• Exercise goal
Copy every record verbatim but exclude the pictures.

======== Supplied material

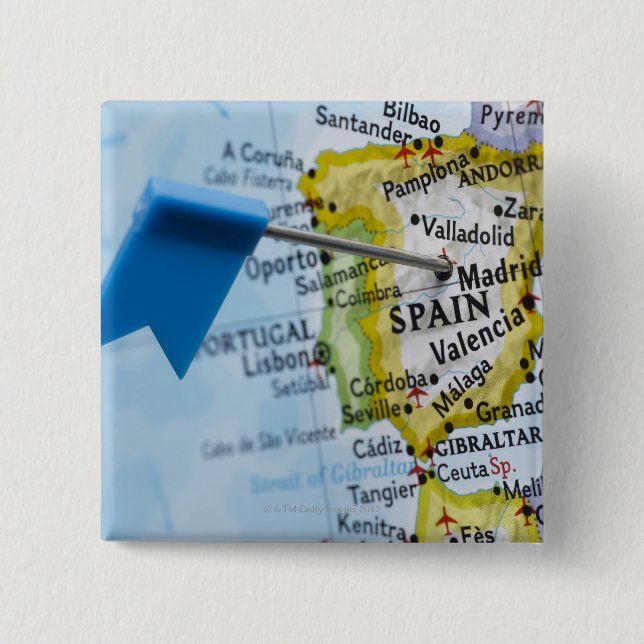 Map pin placed in Madrid, Spain on map, close-up (Front)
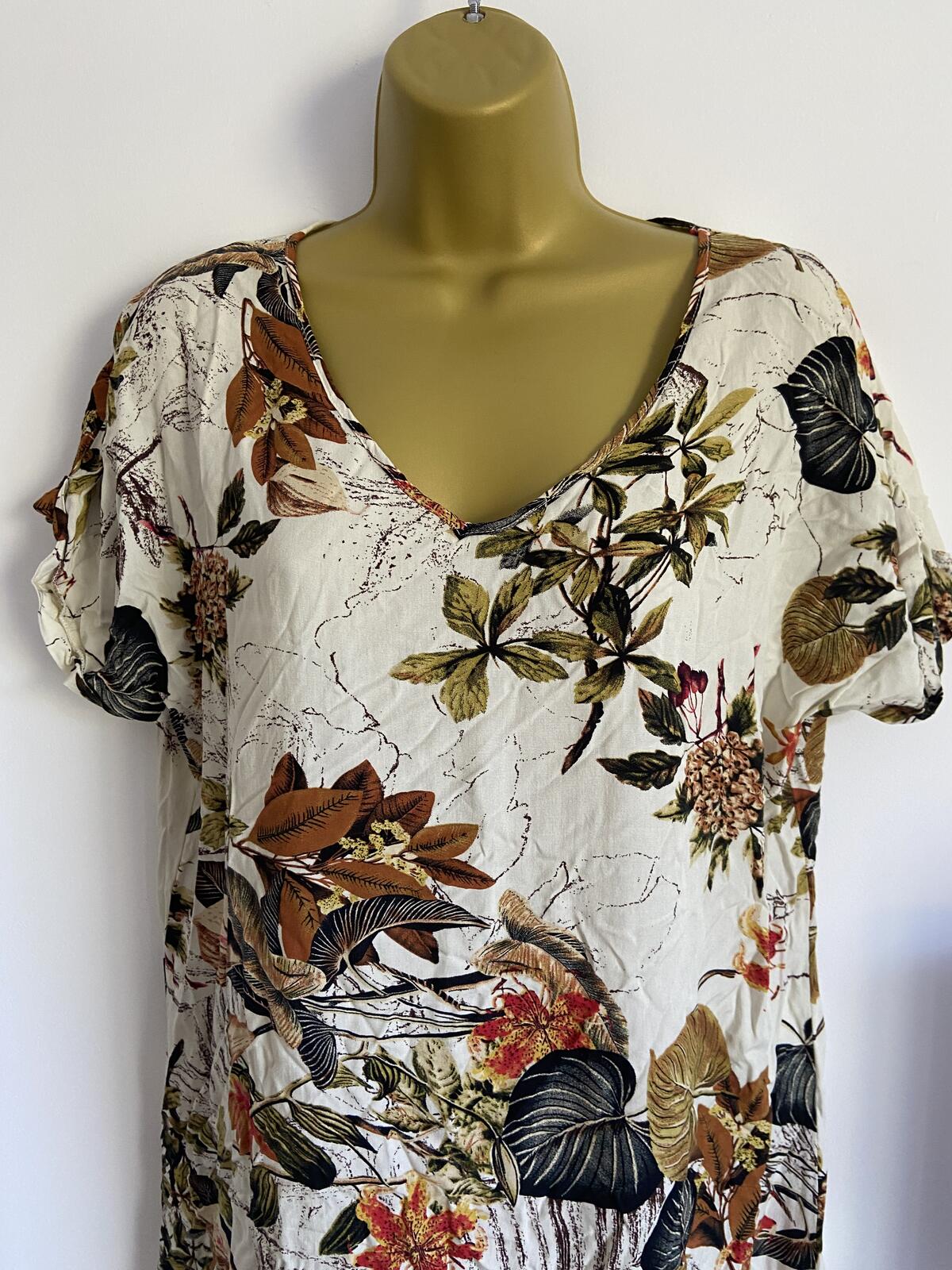 Large Autumn Leaf Pattern T-Shirt Dress Cream Brown Scoop Neck Casual Summer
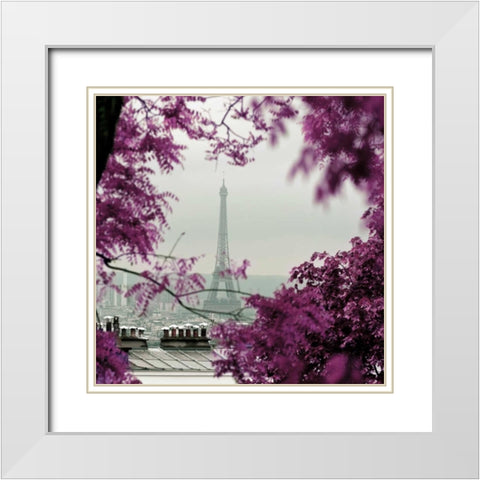 Through The Paris Foliage 1 White Modern Wood Framed Art Print with Double Matting by Telik, Tracey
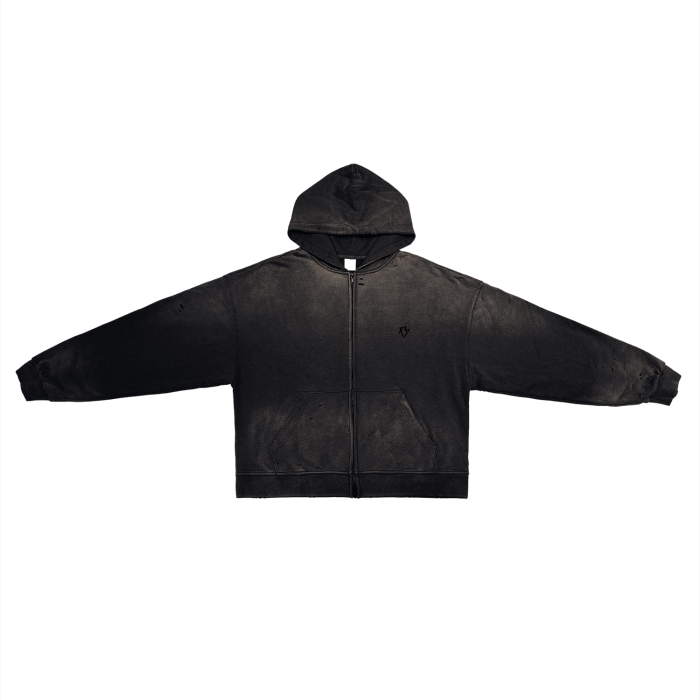 Romey Post-Apocalyptic Aesthetic Pure Cotton Hand-Frayed Monkey Washed Zip Hoodie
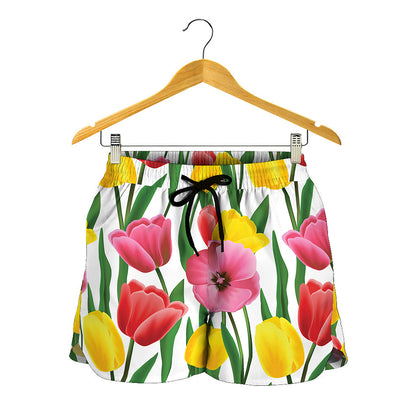 Colorful Tulip Pattern Print Women's Shorts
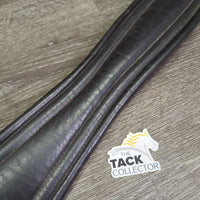 FS Flat Wide Padded Leather Girth, 2x els *vgc, clean, mnr hair, residue, puckered els
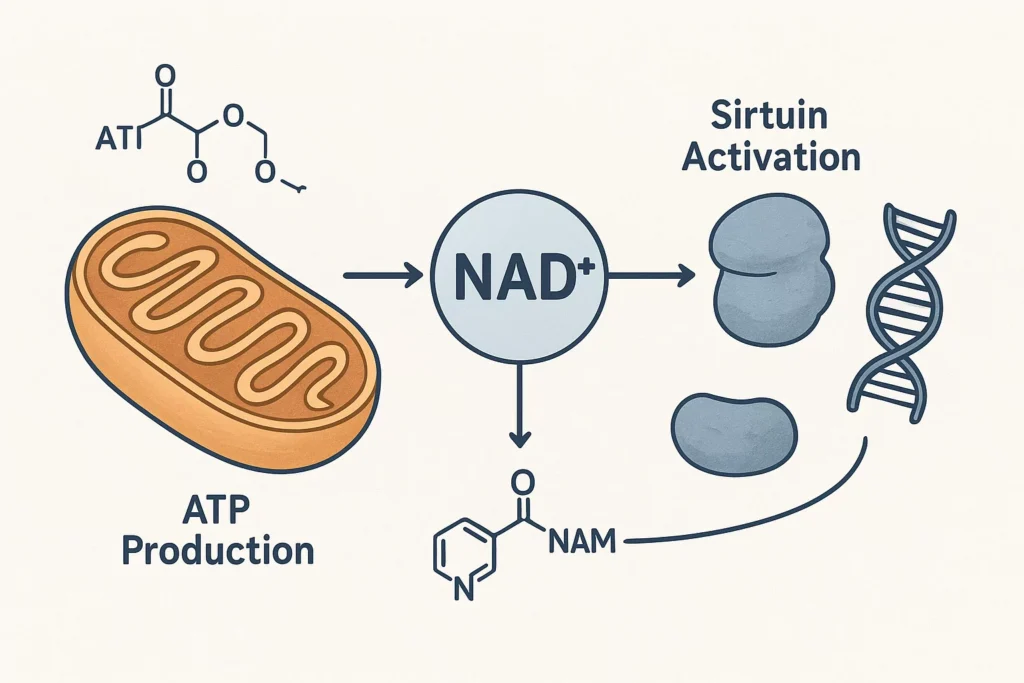 Detailed biochemical diagram illustrating NAD+ role in ATP production and cellular repair pathways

================

• Answer for this exercise
 Map pin placed in Madrid, Spain on map, close-up (Front)
 Large Autumn Leaf Pattern T-Shirt Dress Cream Brown Scoop Neck Casual Summer
 Through The Paris Foliage 1 White Modern Wood Framed Art Print with Double Matting by Telik, Tracey
 Romey Post-Apocalyptic Aesthetic Pure Cotton Hand-Frayed Monkey Washed Zip Hoodie
 Colorful Tulip Pattern Print Women's Shorts
 FS Flat Wide Padded Leather Girth, 2x els *vgc, clean, mnr hair, residue, puckered els
 Detailed biochemical diagram illustrating NAD+ role in ATP production and cellular repair pathways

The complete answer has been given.